[Start of Attachment]
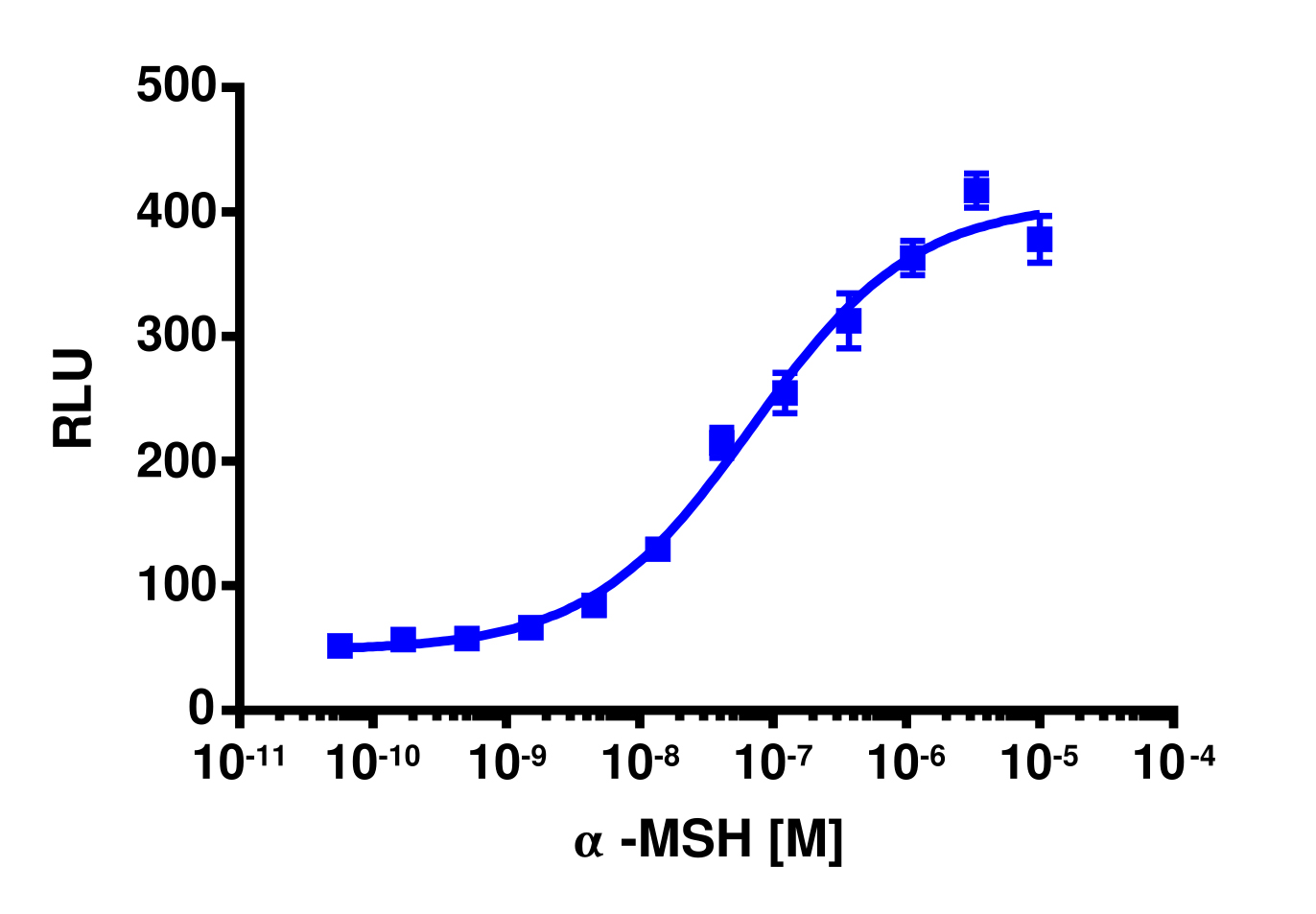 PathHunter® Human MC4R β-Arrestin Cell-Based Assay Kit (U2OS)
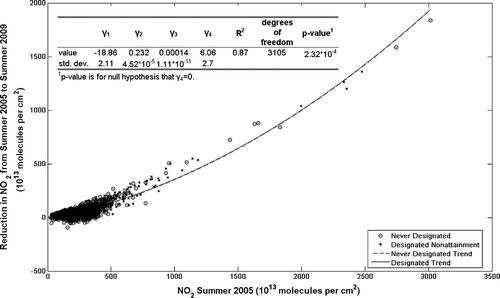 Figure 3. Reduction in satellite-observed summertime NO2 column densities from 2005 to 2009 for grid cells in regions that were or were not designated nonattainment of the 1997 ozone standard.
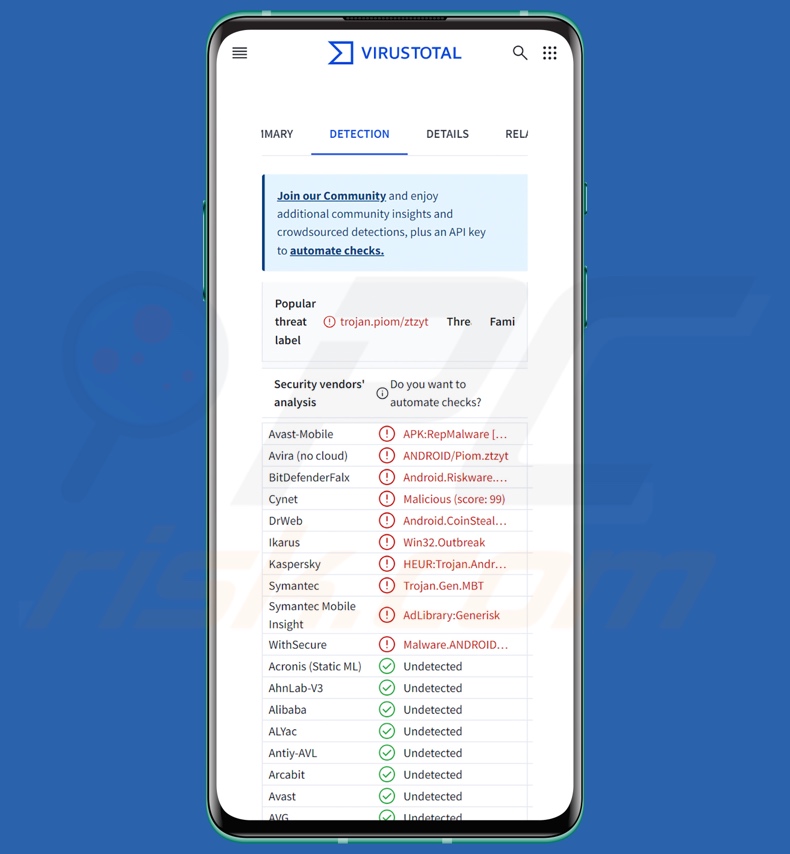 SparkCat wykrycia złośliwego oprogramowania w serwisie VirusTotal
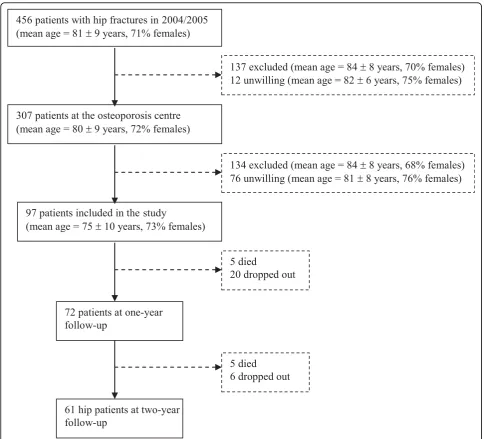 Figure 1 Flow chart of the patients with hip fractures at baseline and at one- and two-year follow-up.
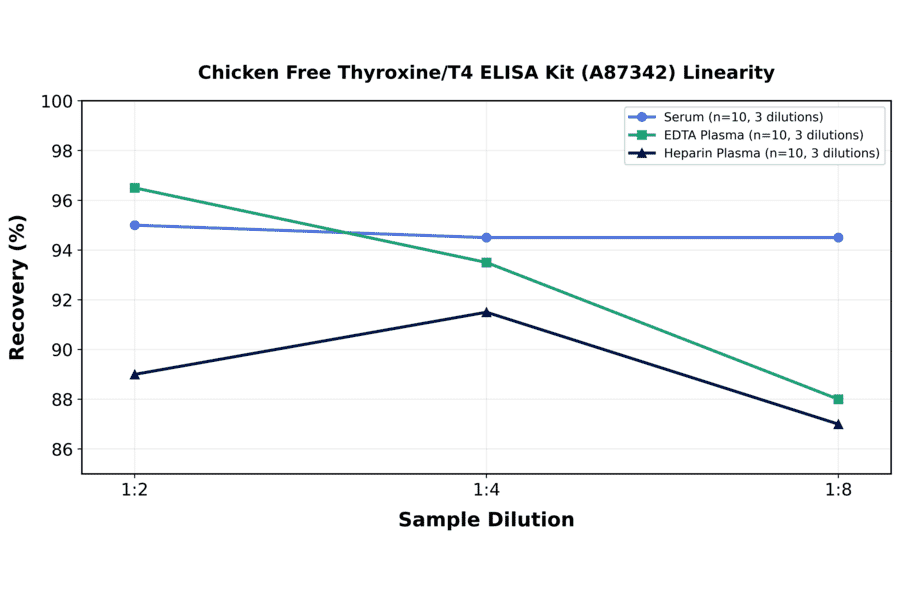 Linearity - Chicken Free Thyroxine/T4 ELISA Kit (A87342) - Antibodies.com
[End of Attachment]
## What the task asks
The final stretch of the data, from the line with "Figure 3. Reduction" through its last line, is to be retyped exactly; pictures are not part of the copy.

## Answer to the problem
 Figure 3. Reduction in satellite-observed summertime NO2 column densities from 2005 to 2009 for grid cells in regions that were or were not designated nonattainment of the 1997 ozone standard.
 SparkCat wykrycia złośliwego oprogramowania w serwisie VirusTotal
 Figure 1 Flow chart of the patients with hip fractures at baseline and at one- and two-year follow-up.
 Linearity - Chicken Free Thyroxine/T4 ELISA Kit (A87342) - Antibodies.com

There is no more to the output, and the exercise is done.